Глава одиннадцатая. Последняя надежда

– Ты это к чему?

– Просто вспомнила. Или вот ещё. Когда Валмики заболел в одном из своих перерождений, это из «Рамаяны», за ним ухаживала жена. Она ему ставила компрессы, меняла бельё, кормила его с ложечки. А он от болезни так озверел, что откусил ей мизинец. И мизинец застрял у него в горле, и он умер.

– Жуть какая-то.

– Ага. Жуть.

– Знаешь, если бы этот Шахбан подавился моим мизинцем, я бы не возражала. Хотя, наверное, это жестоко.

– Да нет, нормально. И да, было бы неплохо. Но хорошо, что мизинец у тебя на месте. Хоть и сломан.

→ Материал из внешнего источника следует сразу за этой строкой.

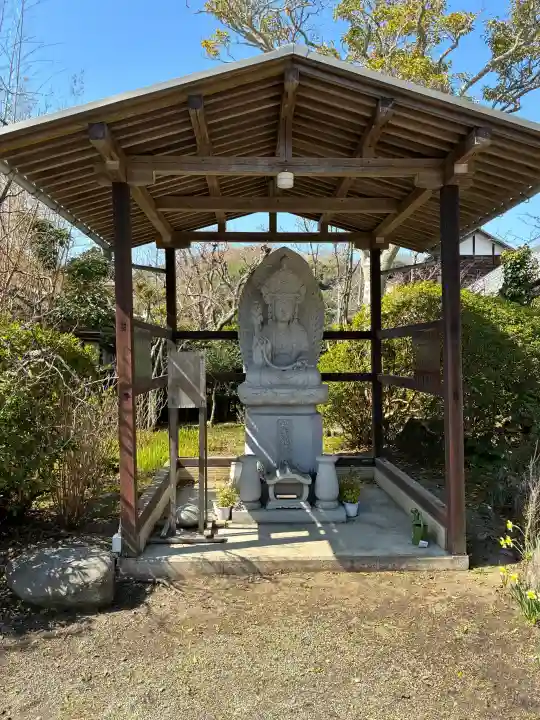 浄光明寺の{uncategorized: "未分類", other: "その他", undefined: "問題あり", building: "その他建物", grave: "お墓", sacred_gate: "鳥居", guardian: "狛犬", statue: "像", buddha: "仏像", history: "歴史", nature: "自然", garden: "庭園", animal: "動物", pagoda: "塔", temizu: "手水舎", mountain_gate: "山門・神門", sanctuary: "本殿・本堂", subordinate: "末社・摂社", art: "芸術", scenery: "景色", jizo: "地蔵", ema: "絵馬", goshuin: "御朱印", omikuji: "おみくじ", items: "授与品その他", amulet: "お守り", goshuincho: "御朱印帳", eats: "食事", festival: "お祭り", votive_dance: "神楽", shichigosan: "七五三参", wedding: "結婚式", experience: "体験その他", initially: "初詣", around: "周辺", anti_infection: "感染症対策"}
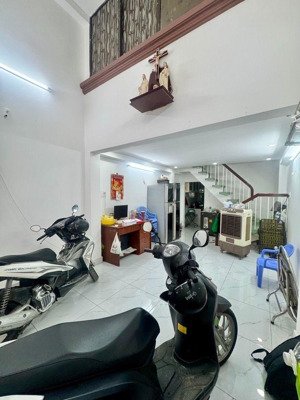 nhà đẹp - cư xá phú lâm a - 2 mặt hẻm thông thoáng - 3 tầng - khu dân trí - chỉ 5.x tỷ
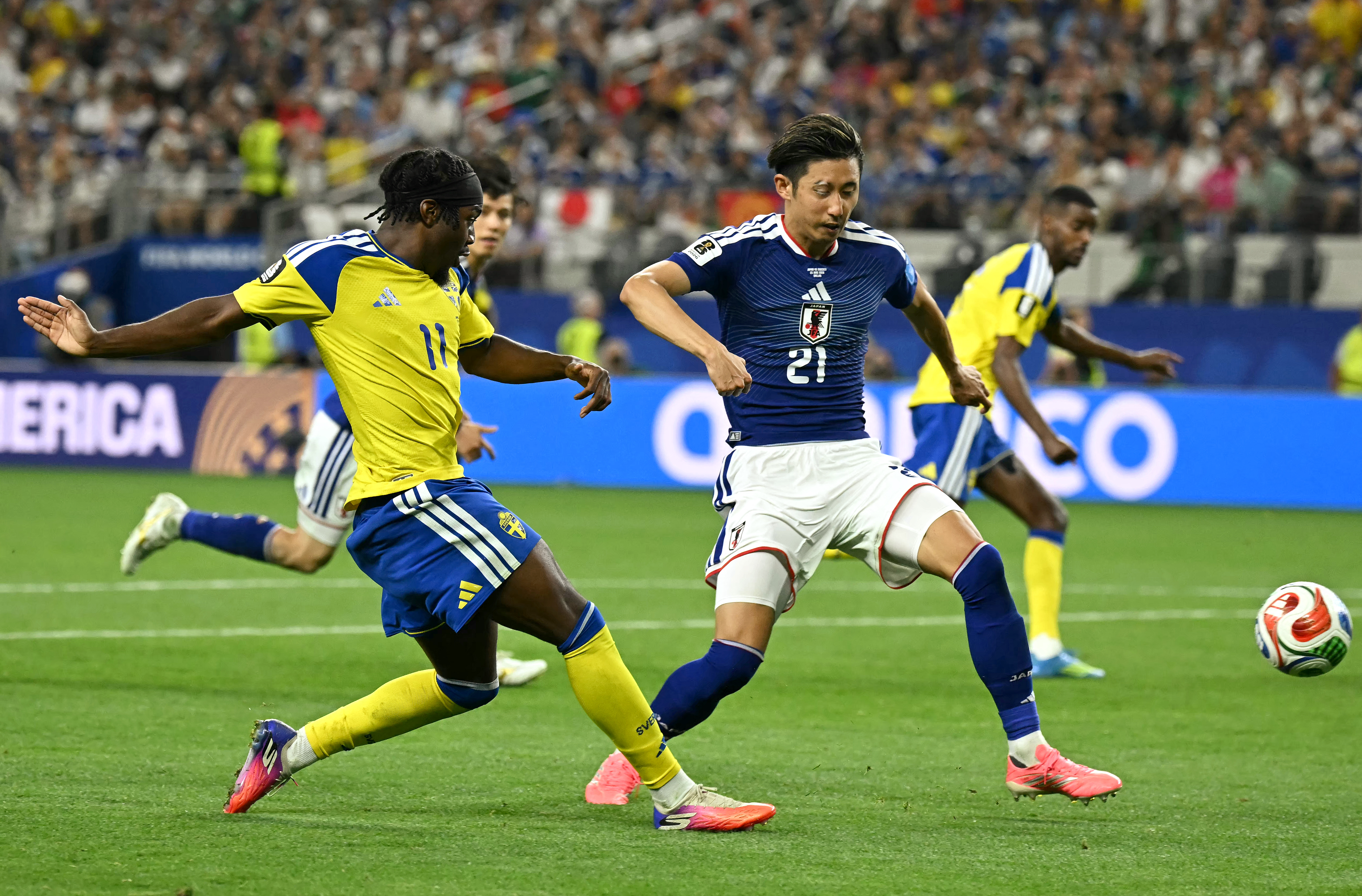 Sweden's forward #11 Anthony Elanga shoots but fails to score next to Japan's defender #21 Hiroki Ito during the 2026 World Cup Group F football match between Japan and Sweden at the Dallas Stadium in Arlington on June 25, 2026.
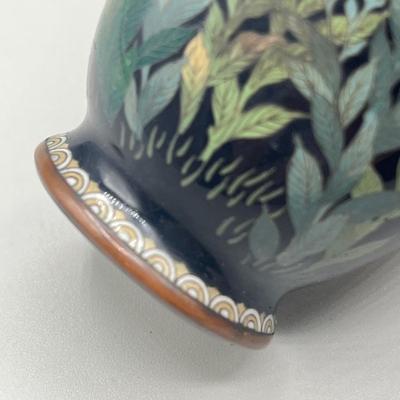 LOT 31: Antique Japanese Meiji Cloisonne Vase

– Это точно. А тебе… тебе нравятся такие мифы?

– Ну да. Они тут вообще странные. Поначалу непривычно, а потом ничего, привыкаешь. Знаешь, они обязательно заканчиваются хорошо. Это такой закон – твёрдый, как склоны Кайлáса, на котором сидит Шива. Но пока герои доберутся до своего хеппи-энда, они, конечно, через всякое проходят. В общем, если нет песен, танцев, свадьбы или просто обретённой мудрости, значит, миф ещё не закончился.

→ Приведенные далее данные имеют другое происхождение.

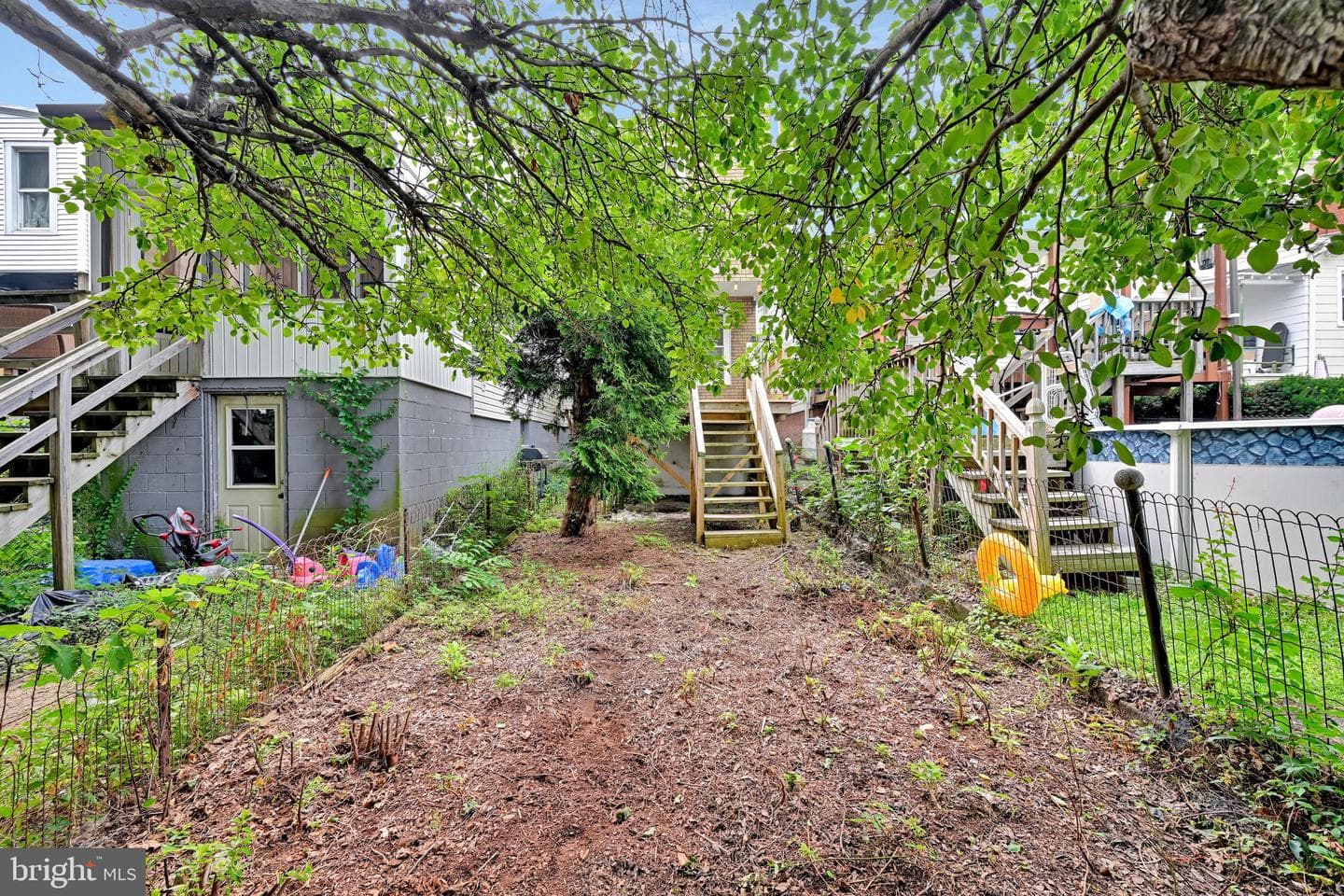 1746 W Norwegian Street photo 27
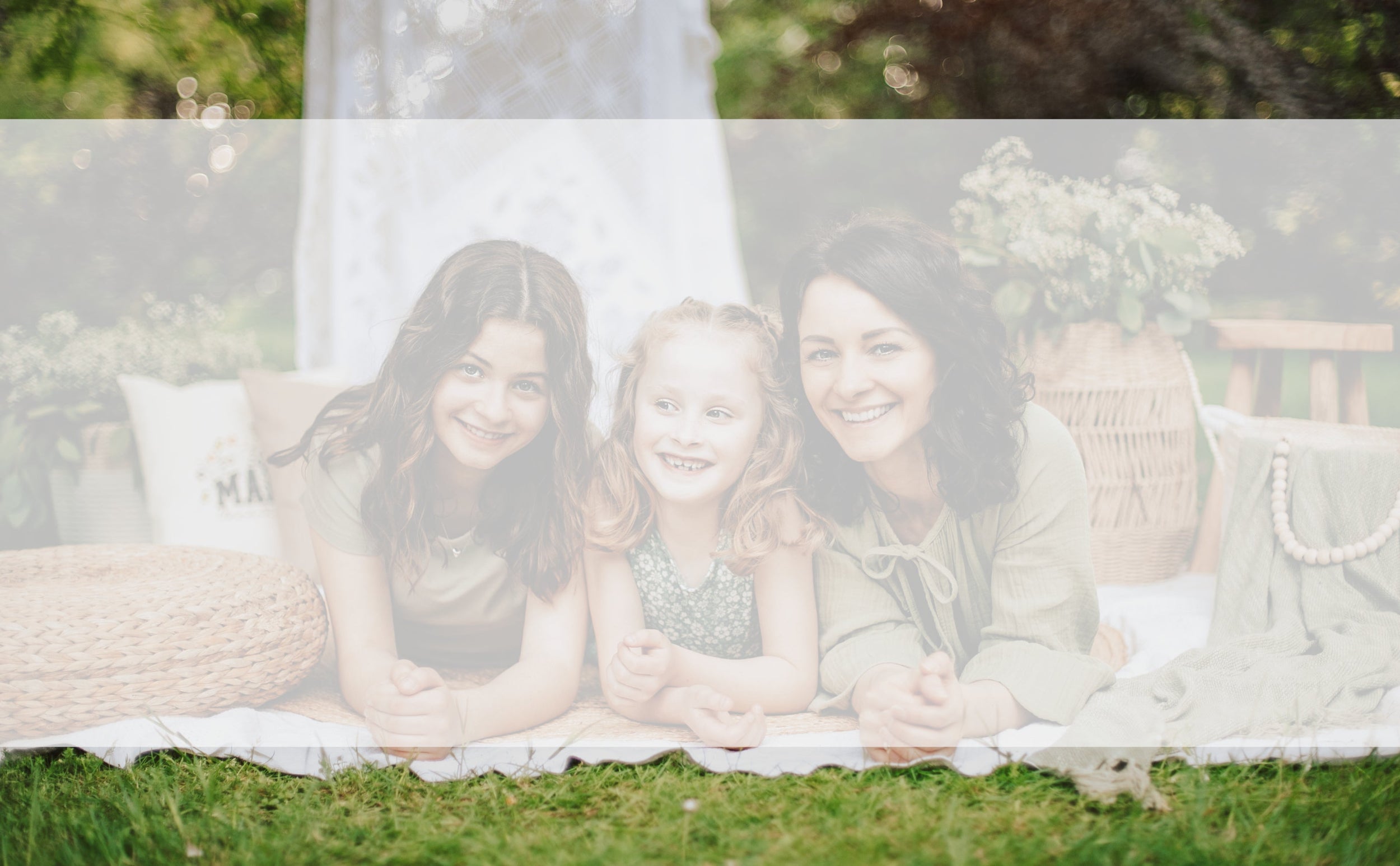 Elari Handmade Design-Über mich-Olga Schopf-personalisierte Kissen Babykissen und Kinderkissen mit Namen bestickt-Namenskissen Junge Mädchen-Geburtskissen mit Größe und Gewicht-personalisierte Geschenke zur Geburt-Deko Kissen-handgemachte Kuschel Unikate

– Жаль, что мы живём не в мифе.

– Это правда… А вообще они классные. Там, если начнёшь разбираться, с ума сойдёшь. И мизинец – ерунда. Не твой, конечно. Мизинец Валмики.

– Точнее, его жены.

– Ну да. Главное, не задумываться о сюжете. Вот миф про царя Шикхидхваджу из «Йогаваси́штхи».

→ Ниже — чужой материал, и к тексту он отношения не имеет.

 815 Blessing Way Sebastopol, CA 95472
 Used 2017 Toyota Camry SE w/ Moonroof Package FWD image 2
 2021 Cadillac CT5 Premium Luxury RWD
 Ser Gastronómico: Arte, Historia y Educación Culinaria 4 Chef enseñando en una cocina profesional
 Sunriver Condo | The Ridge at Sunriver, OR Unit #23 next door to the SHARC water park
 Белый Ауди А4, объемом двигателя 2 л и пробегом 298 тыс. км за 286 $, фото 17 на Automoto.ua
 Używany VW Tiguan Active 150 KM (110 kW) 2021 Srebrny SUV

– Господи, как ты это выговариваешь?

– Не знаю… Много раз читала. Это один из моих любимых. Но если просто пересказать, там полная околесица. Пересказать?

– Давай.

– Значит, смотри. «Ты следовала своей склонности и сама в ответе за то, что сделала, меня это не касается». Это слова Шикхидхваджи. Он это сказал своей жене, Чудале, после того как она пришла к нему в образе Маданики и уже в этом образе вновь вышла за него замуж. То есть Шикхидхваджа изменил жене с ней самой. А потом уже Маданика, то есть Чудала, привела в дом любовника, которого, опять же, сама сотворила, и тут же изменила с ним мужу в его же присутствии. Получается, они оба изменили друг другу, но при этом, кроме них двоих, в спальне никого никогда не было. Они всегда были вдвоём, просто в разных воплощениях.

– Прекрасно…

– А вот миф из «Махабхáраты». Добрый царь Харишчандра однажды охотился на кабана и так увлёкся охотой, что заблудился в лесу. И набрёл в этом лесу на одинокую хижину, где жил старик-отшельник. Старик накормил царя, обогрел и разрешил ему переждать ночь. Наутро царь спросил, как ему отблагодарить отшельника. Тот ответил, что уже стар и не знает, чего просить. Тогда царь простодушно заявил: «Проси чего хочешь!» Старик оживился и немедленно потребовал отдать ему царство, подданных и богатство. И что в итоге? Харишчандра не смог пойти против своего слова. Отдал всё старику! Сам был вынужден продать жену, сына, а под конец и самого себя продал в чандалы – стал неприкасаемым сжигателем трупов. Вот такой царь.